Provided records
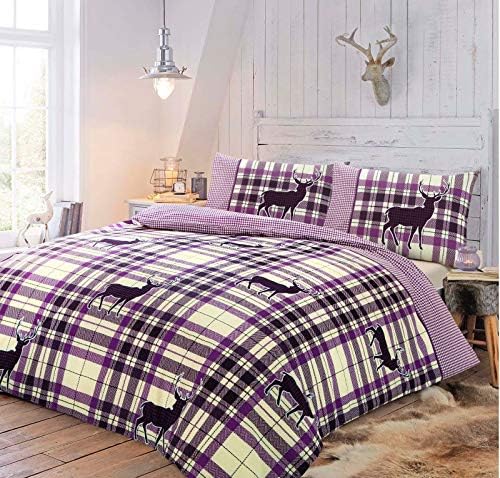 MASS INTERNATIONAL Beautiful Hotel Quality Polycotton Reversible Duvet Quilt Cover With Pillow Cases Bedding Set Stag Check Purple (Superking)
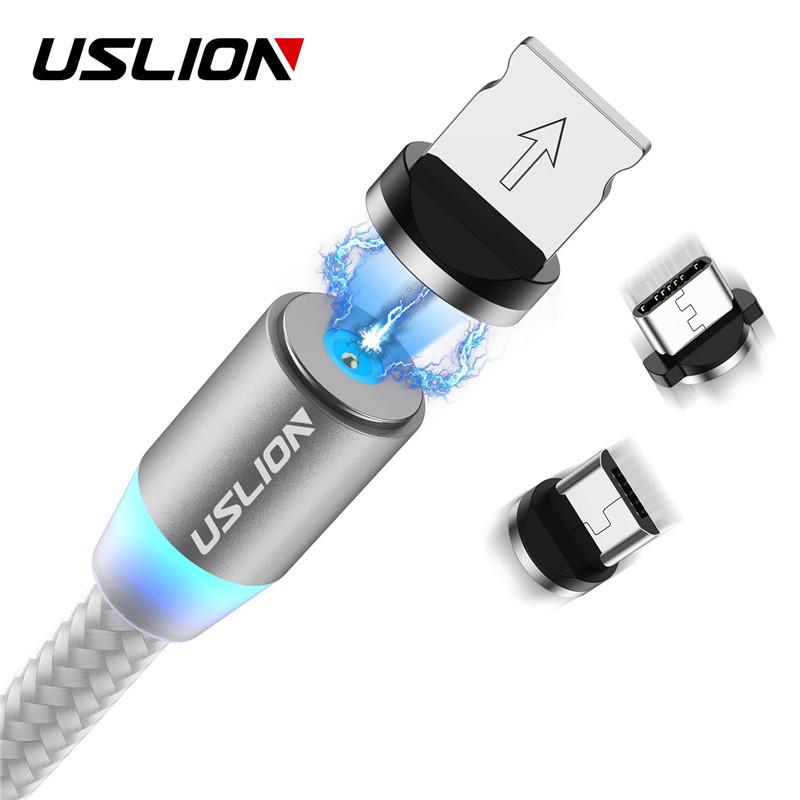 USLION 3M Magnetic Micro USB Cable For Samsung Android Phone Type-c Charging For iPhone Charger Cord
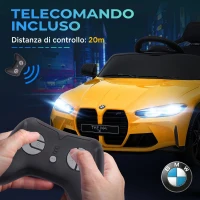 AIYAPLAY Macchina Elettrica per Bambini a Licenza BMW M4 con Telecomando, Clacson e Fari, 108x69.5x51 cm, Giallo(m-8)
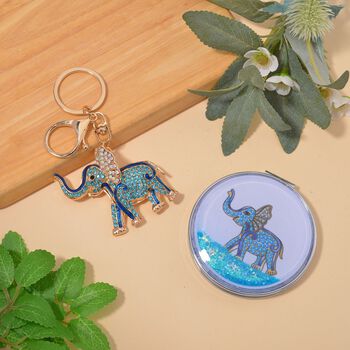 2er Set - Mehrfarbiger Kristall, Elefant-Set: Schl&uuml;sselanh&auml;nger und Spiegel, emailliert, goldfarben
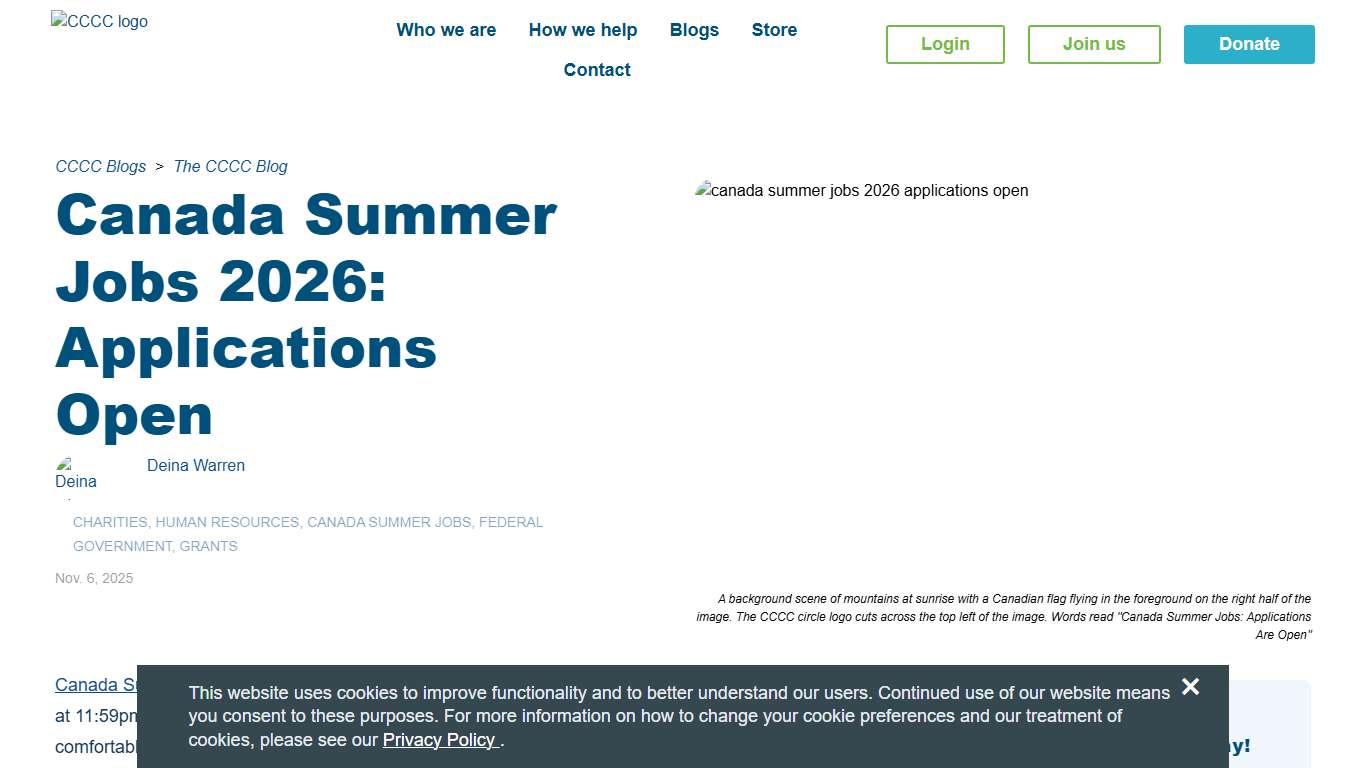 Canada Summer Jobs 2026: Applications Open - CCCC Blogs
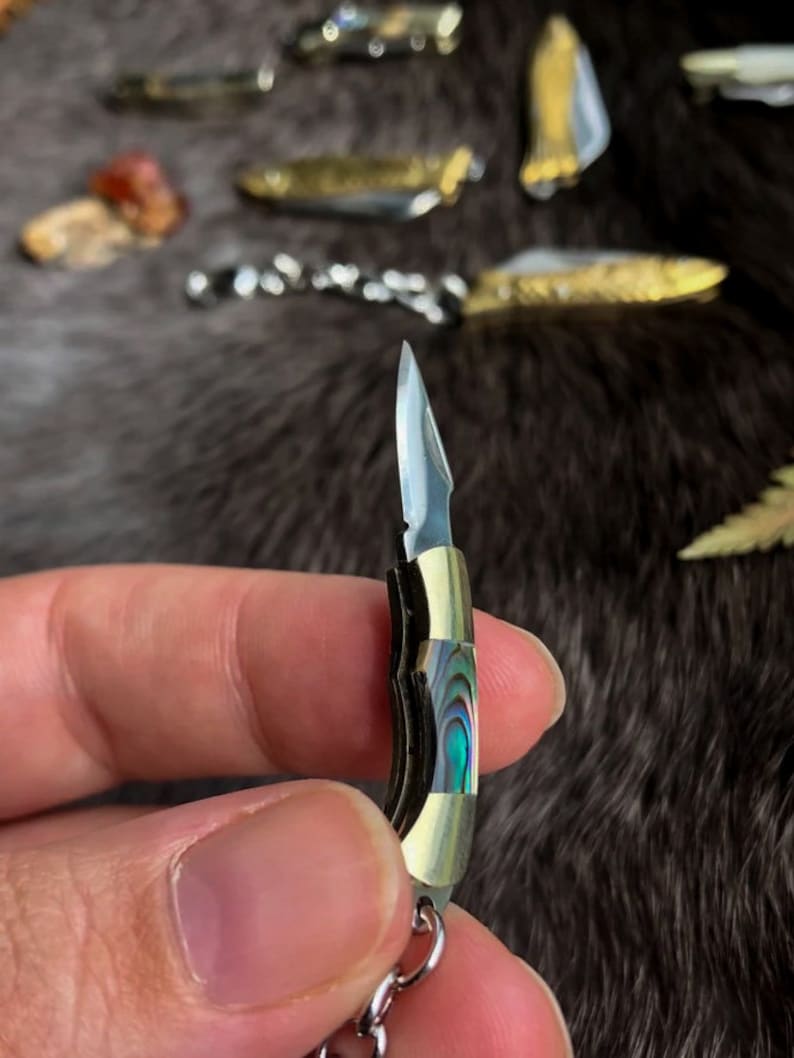 May include: A small, silver pocket knife with a mother-of-pearl handle. The knife is closed and has a silver chain attached to it.
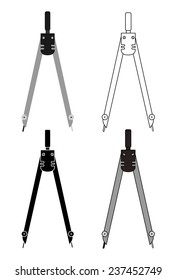 Stationery architecture compasses in 4 styles. Color. Line art. Black and white. No outline. Vector clip art illustration isolated on white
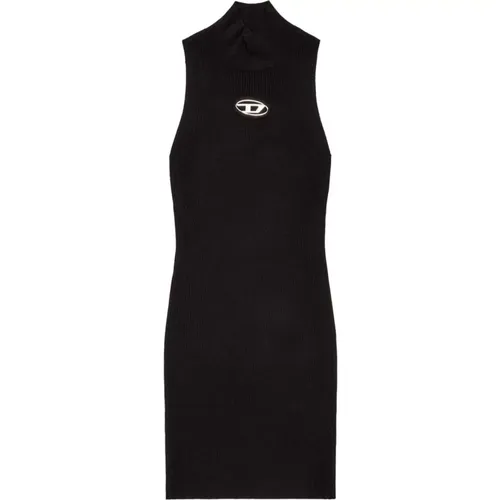 Geripptes Kleid mit ovalem Logo , Damen, Größe: M - Diesel - Modalova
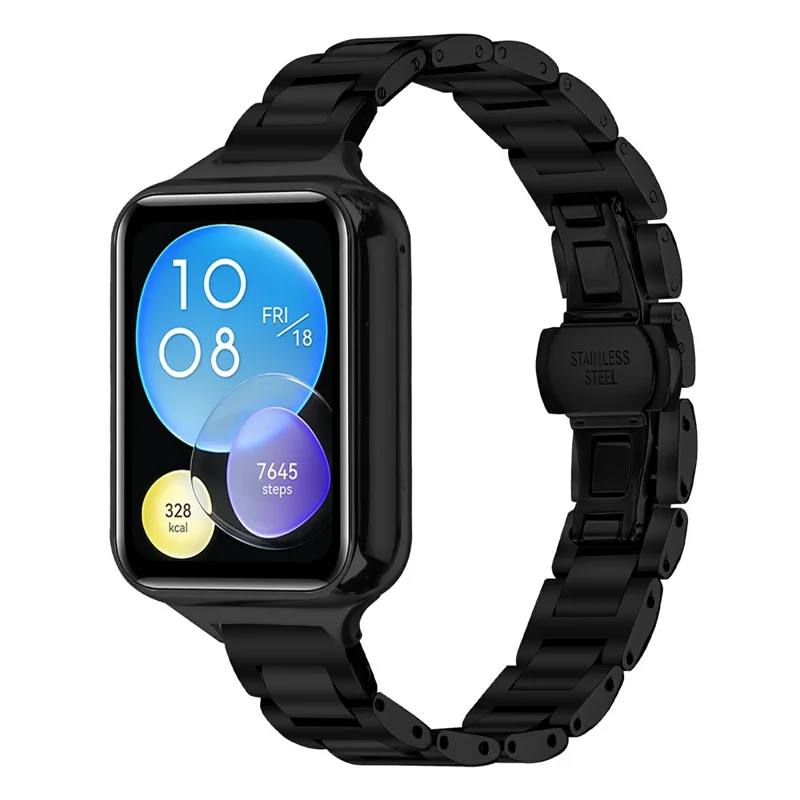 Watch Band For Xiaomi Smart Band 9 Pro  /  8 Pro  /  Redmi Watch 5  /  4 Butterfly Clasp Three Bead Stainless Steel Electroplated Strap - Black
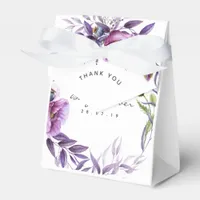 Watercolor Violet Poppy Floral Baby Shower Thanks Favor Boxes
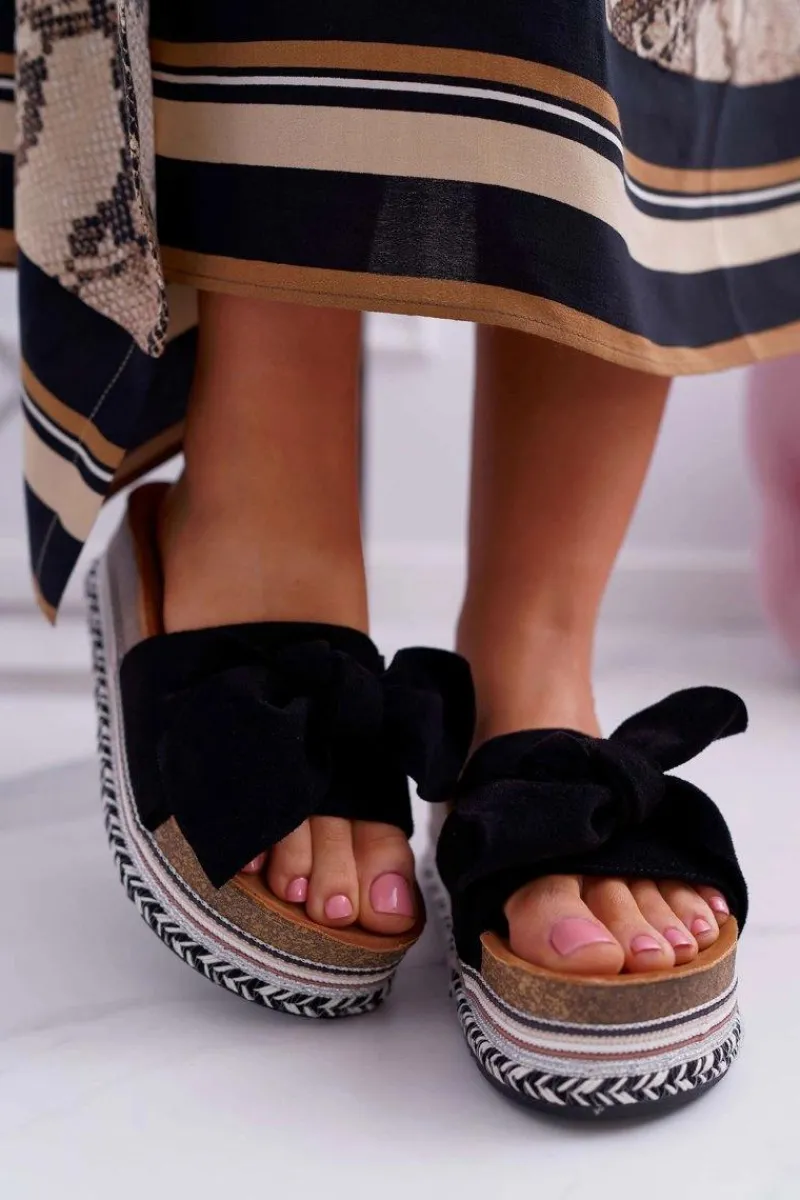 Klapki Na Platformie|Klapki Damskie Klasyczne>Boto Klapki Damskie Na Platformie Z Kokardą Czarne Chantal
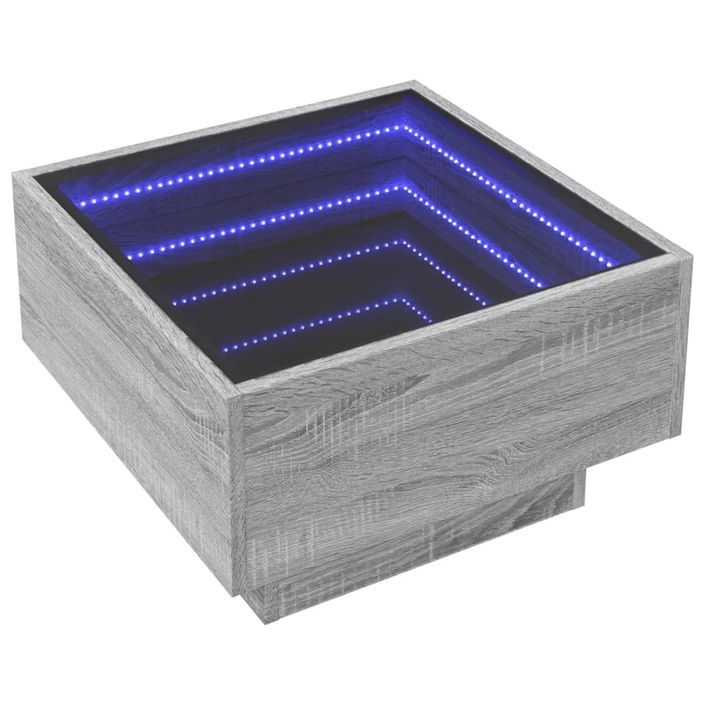 Table basse avec LED sonoma gris 50x50x30 cm bois d'ingénierie - Photo n°3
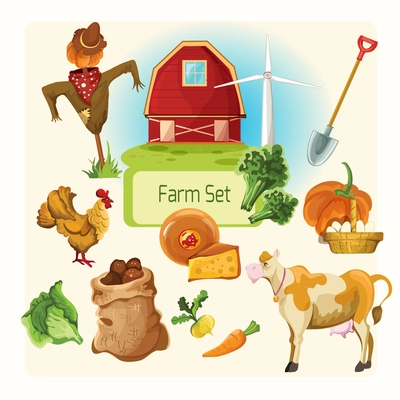 Farm decorative icons set with cow chicken house shovel isolated vector illustration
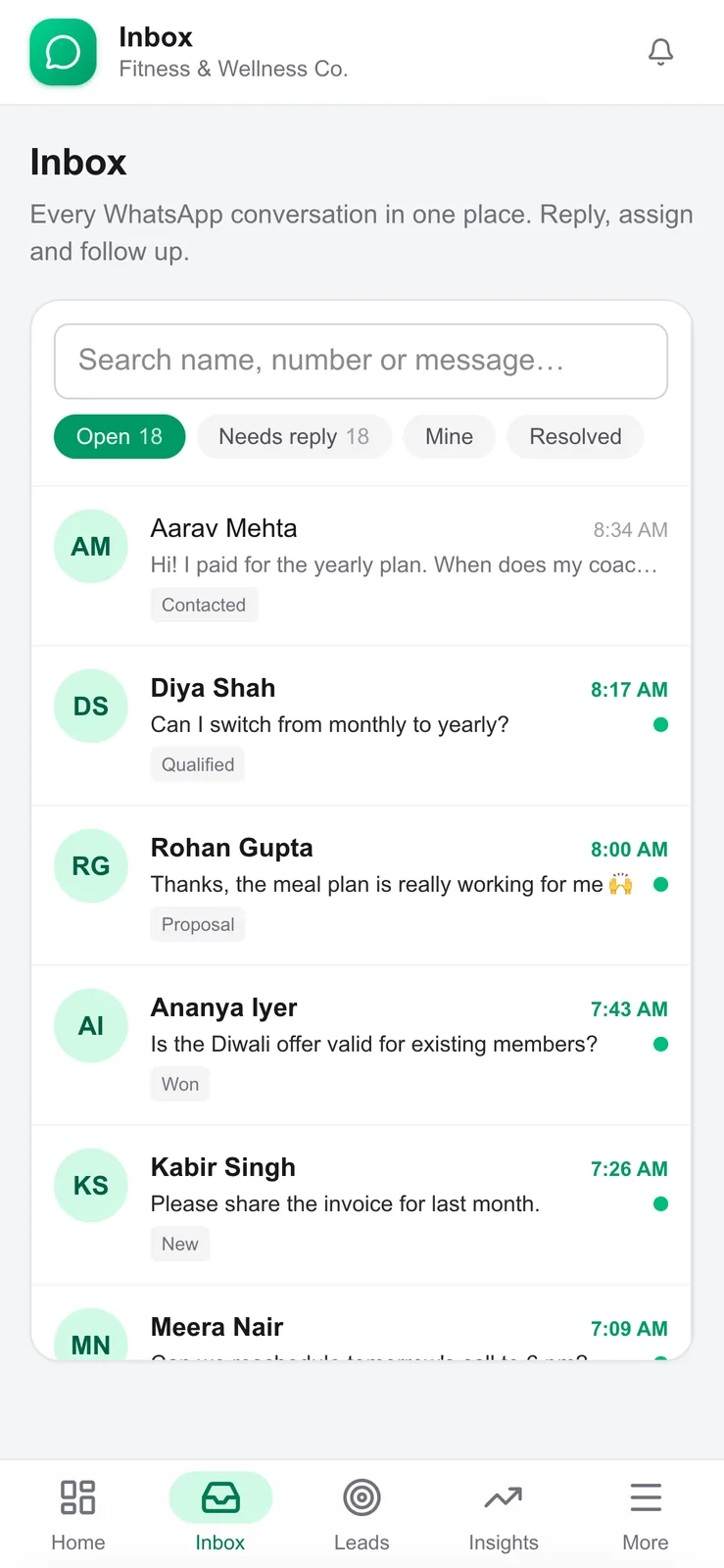 QV Connect mobile app view of the WhatsApp inbox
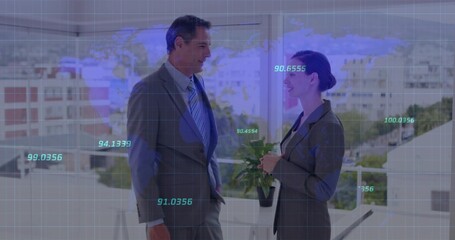 Discussing, two execs in business attire holding tablet near windows with plant and digital overlay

What the exercise asks
Using the listing above, copy every line from the line containing "Table basse avec" through the last one, both included, and no other lines. Pictures stay out.

Task answer
 Table basse avec LED sonoma gris 50x50x30 cm bois d'ingénierie - Photo n°3
 Farm decorative icons set with cow chicken house shovel isolated vector illustration
 QV Connect mobile app view of the WhatsApp inbox
 Discussing, two execs in business attire holding tablet near windows with plant and digital overlay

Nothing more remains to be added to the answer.